* _YOUR INSTRUCTIONS_: I need the lines from the one containing "Pioenroos Itoh Wortel" through the last line of the entries retyped exactly, with no pictures among them.

* _INFORMATION GIVEN_:
──────────────────────────────
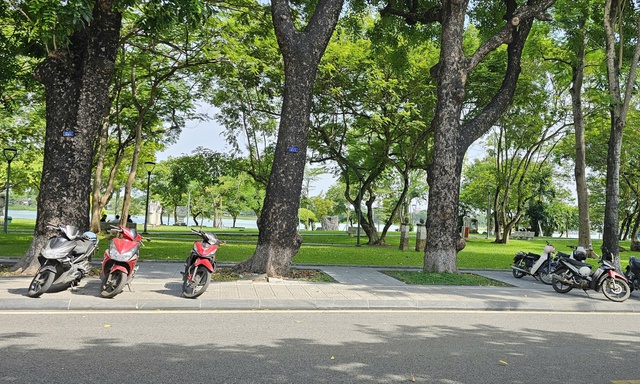 Du khách nước ngoài đánh rơi nhẫn quý, người dân Huế vạch cỏ tìm giúp- Ảnh 2. Du khách nước ngoài đánh rơi nhẫn quý, người dân Huế vạch cỏ tìm giúp- Ảnh 2.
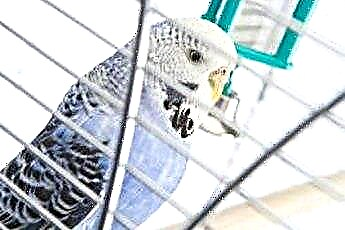  Parakeet Cage Care 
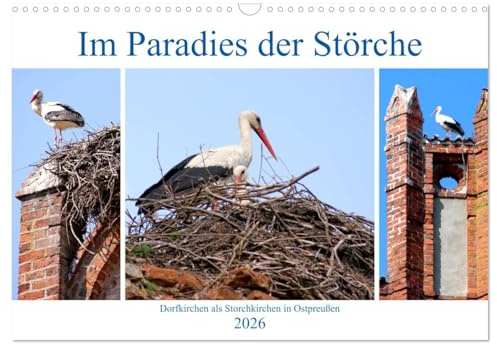 Im Paradies der Störche - Dorfkirchen als Storchkirchen in Ostpreußen (Wandkalender 2026 DIN A3 quer), CALVENDO Monatskalender: Storchennester auf Kirchenruinen in Ostpreußen (CALVENDO Natur)
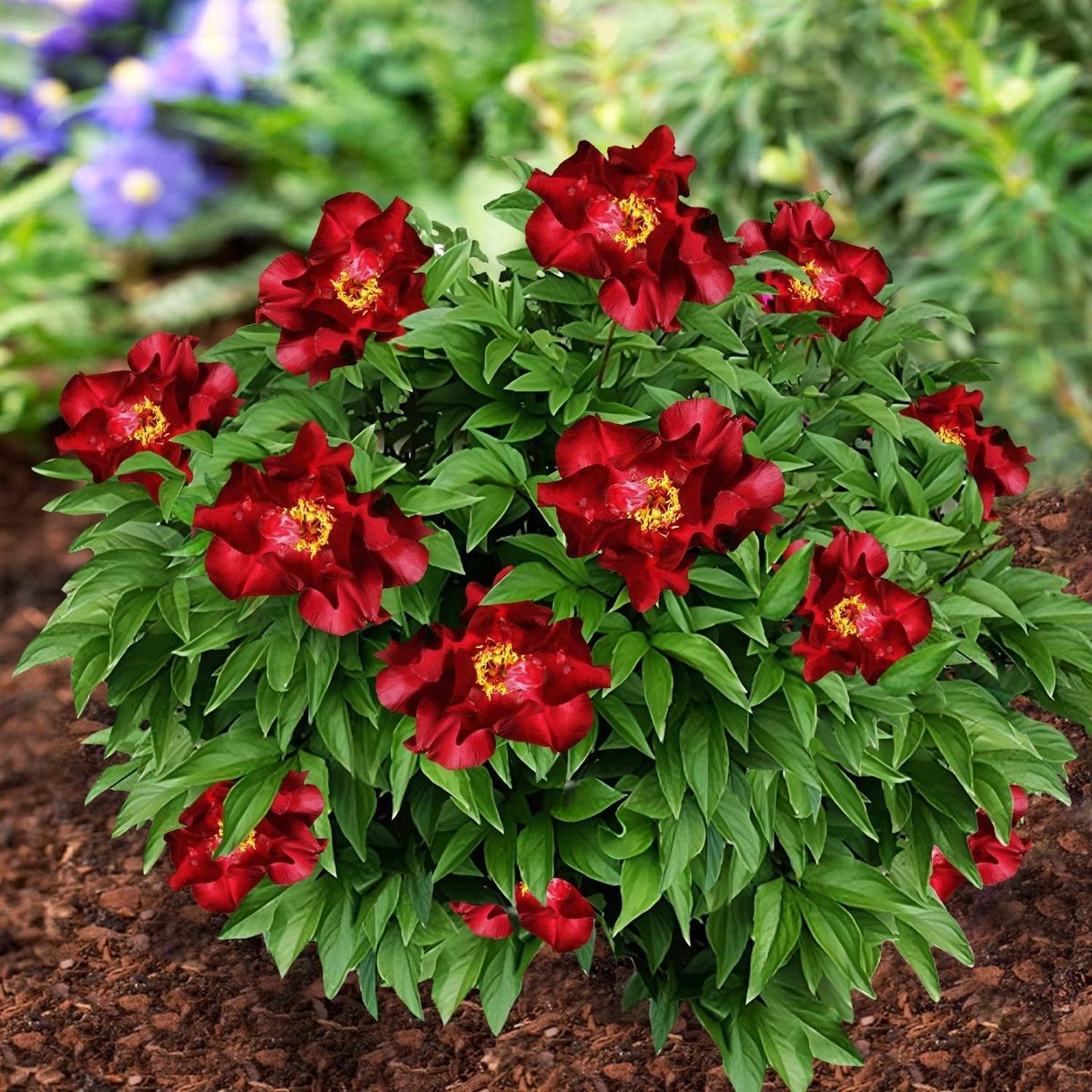 Pioenroos Itoh Wortel - Red Passion - Tuinplant Winterhard - 1 stuk - Rood - Buitenplanten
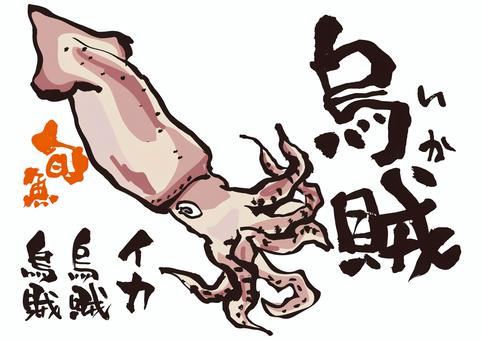 旬魚_烏賊 イカ,旬,手書き,筆文字,海鮮のイラスト素材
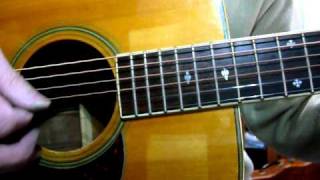 Takamine Elite TW30 Japan Vintage [upl. by Madlin]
──────────────────────────────
* _SOLUTION TO THIS PROBLEM_:
 Pioenroos Itoh Wortel - Red Passion - Tuinplant Winterhard - 1 stuk - Rood - Buitenplanten
 旬魚_烏賊 イカ,旬,手書き,筆文字,海鮮のイラスト素材
 Takamine Elite TW30 Japan Vintage [upl. by Madlin]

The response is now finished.